(HOW TO COMPLETE THIS TASK)
Omit the pictures, but give back every entry below exactly as written.

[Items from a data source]
"""

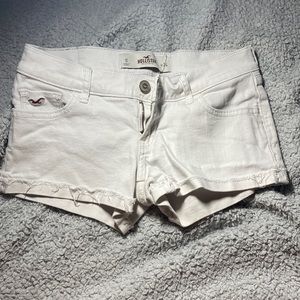Hollister size 24 white shorts | Perfect for the summer  | Barely worn
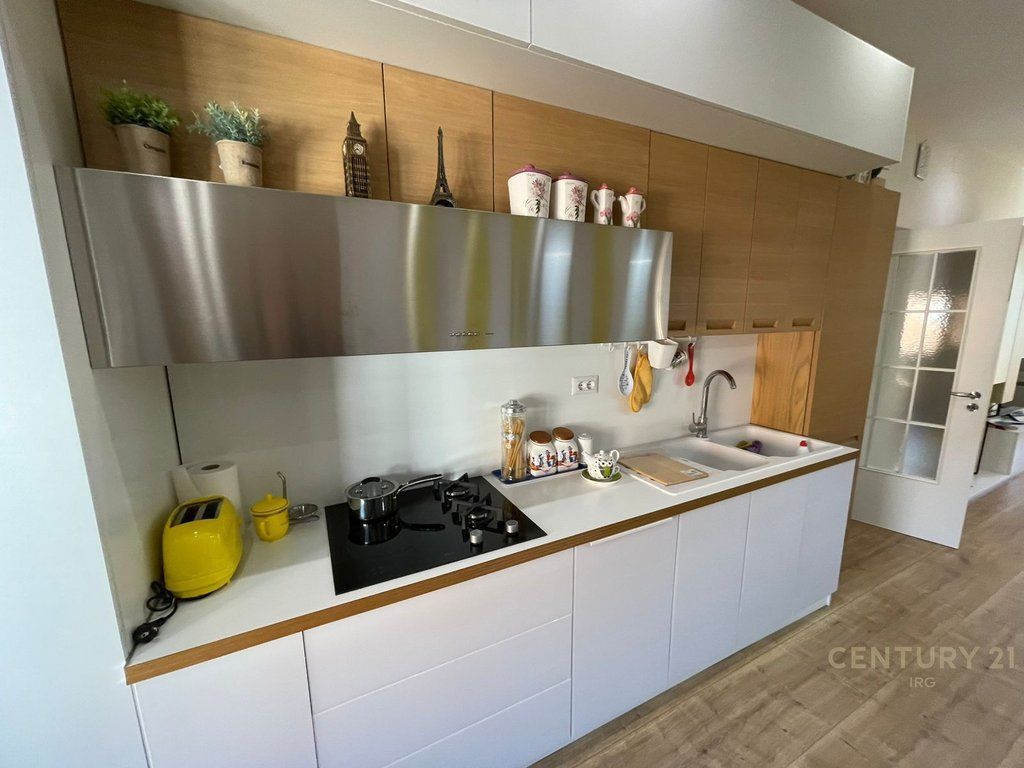 Apartament me qira Shallvaret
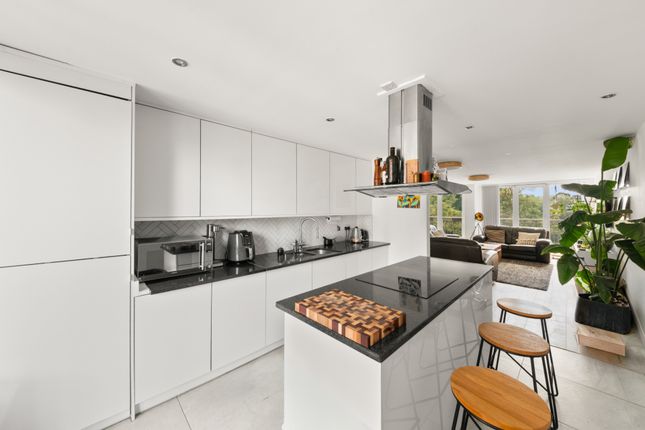12, Holland Gardens, London photo 4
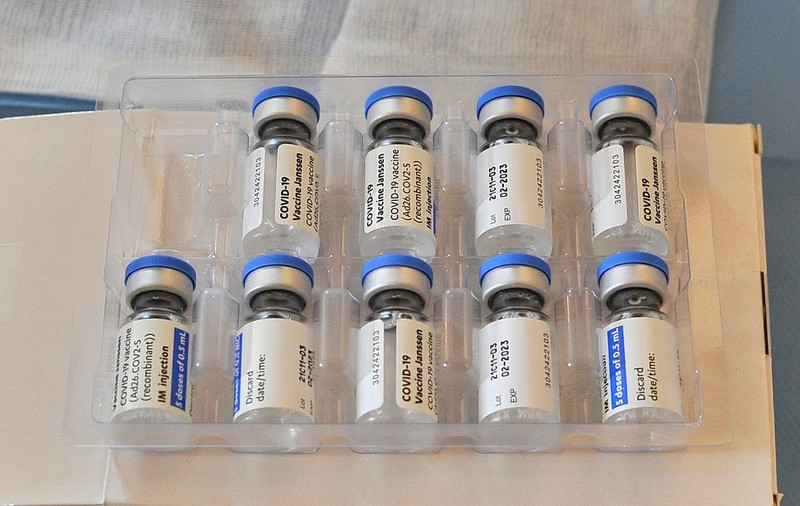 O nouă tranșă de 792.000 de doze de vaccin Johnson & Johnson ajunge miercuri în România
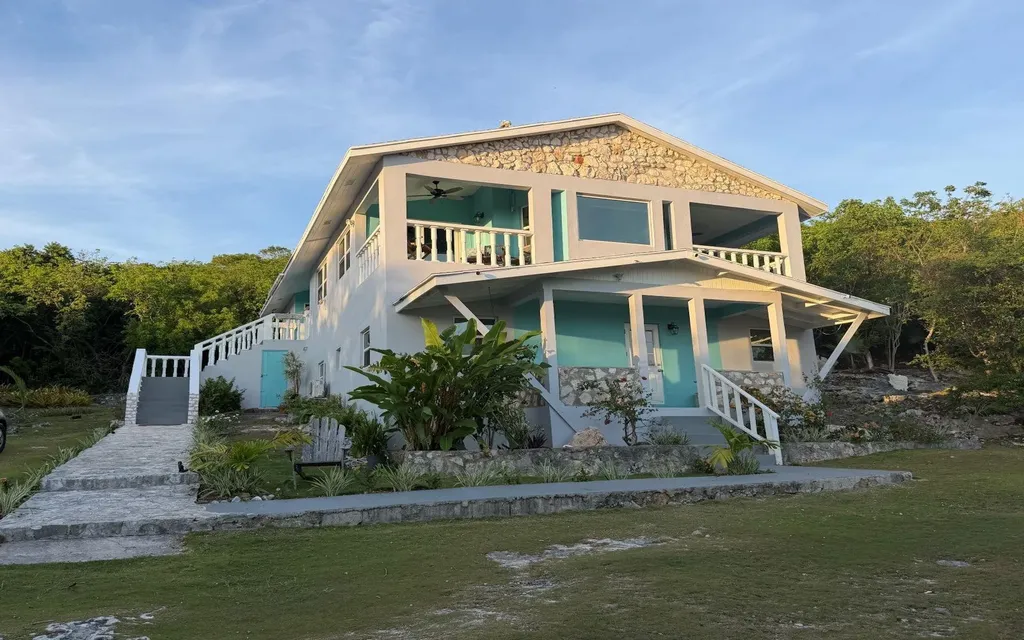 Crawfish Drive Sugar Hill Eleuthera BS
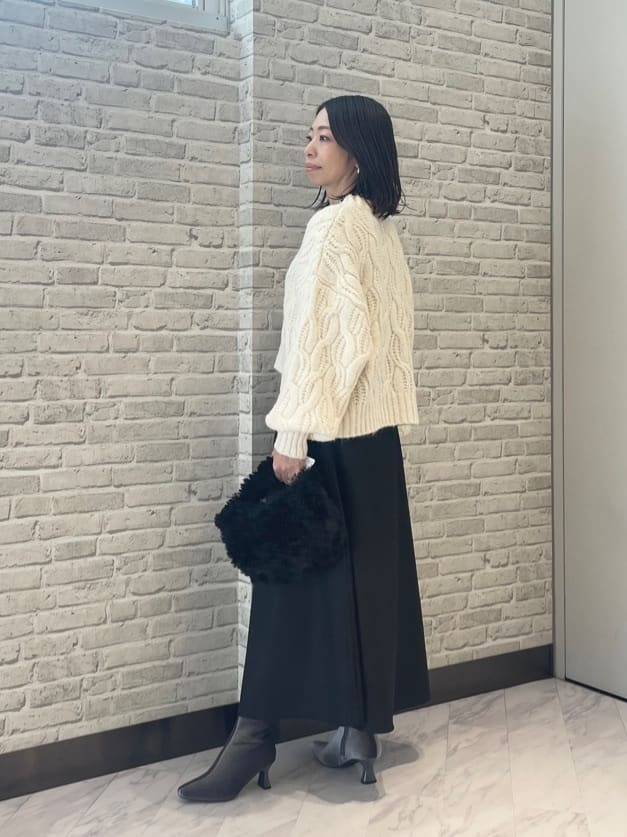 Mikoさんの「INDIVI｜フェイクファーマイクロバッグ」を使ったコーディネート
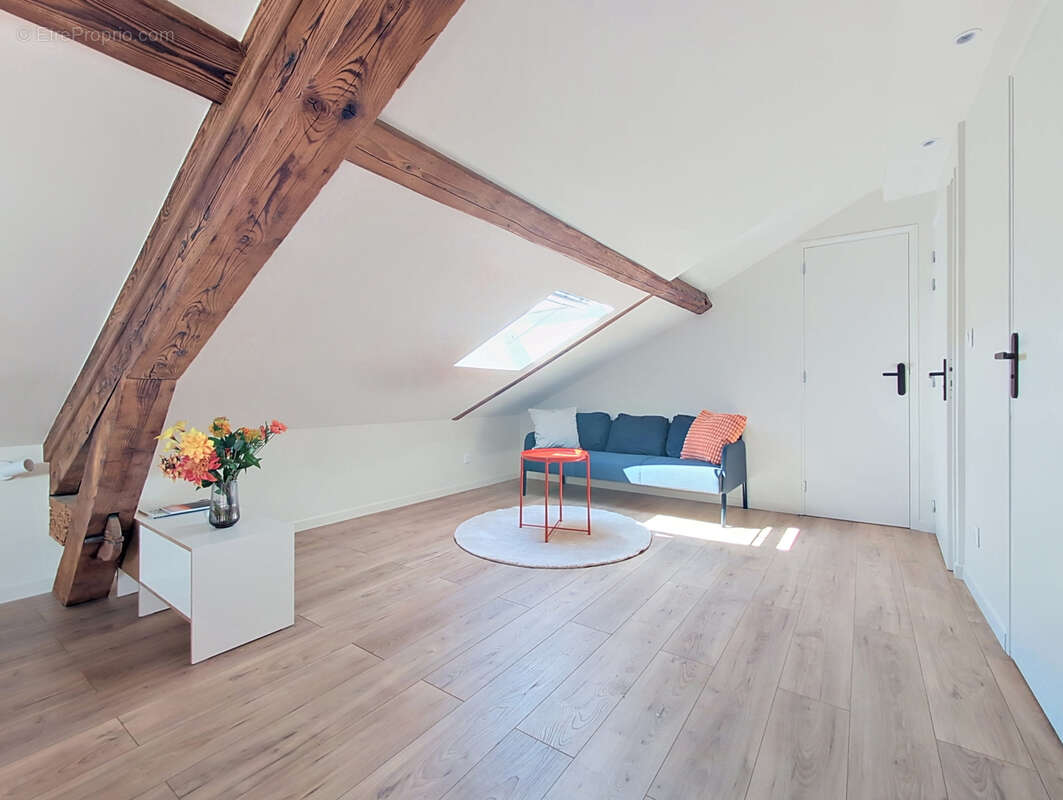 Appartement à AIX-LES-BAINS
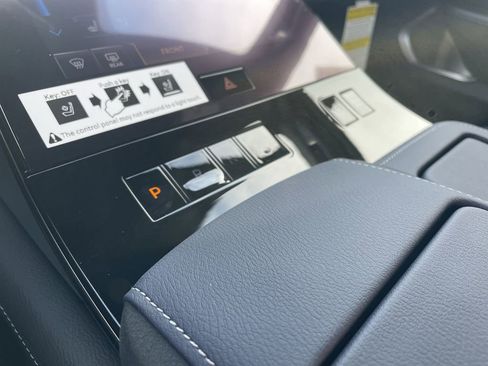 New 2026 INFINITI QX80 4WD w/ Sport Exterior Package image 24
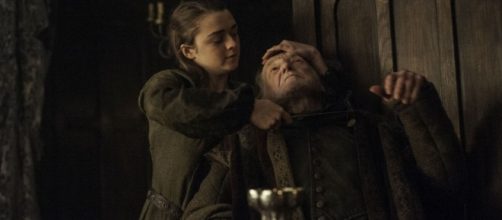 Arya Stark uccide Sir Walder Frey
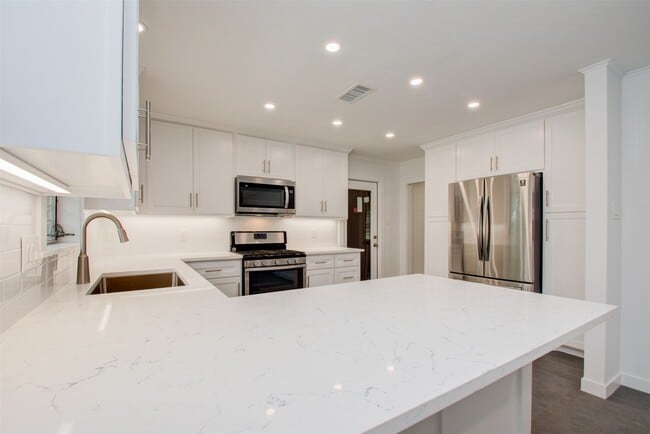 Building Photo - 8939 Rockhurst Dr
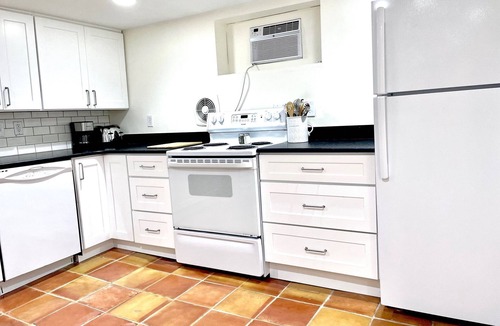 West Hyattsville Apartment | Best Apt in Chevy Chase DC Big Sleeps 4-5, 4 blks to Metro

"""

(ANSWER BOX)
Hollister size 24 white shorts | Perfect for the summer  | Barely worn
 Apartament me qira Shallvaret
12, Holland Gardens, London photo 4
 O nouă tranșă de 792.000 de doze de vaccin Johnson & Johnson ajunge miercuri în România
 Crawfish Drive Sugar Hill Eleuthera BS
 Mikoさんの「INDIVI｜フェイクファーマイクロバッグ」を使ったコーディネート
 Appartement à AIX-LES-BAINS
 New 2026 INFINITI QX80 4WD w/ Sport Exterior Package image 24
 Arya Stark uccide Sir Walder Frey
 Building Photo - 8939 Rockhurst Dr
 West Hyattsville Apartment | Best Apt in Chevy Chase DC Big Sleeps 4-5, 4 blks to Metro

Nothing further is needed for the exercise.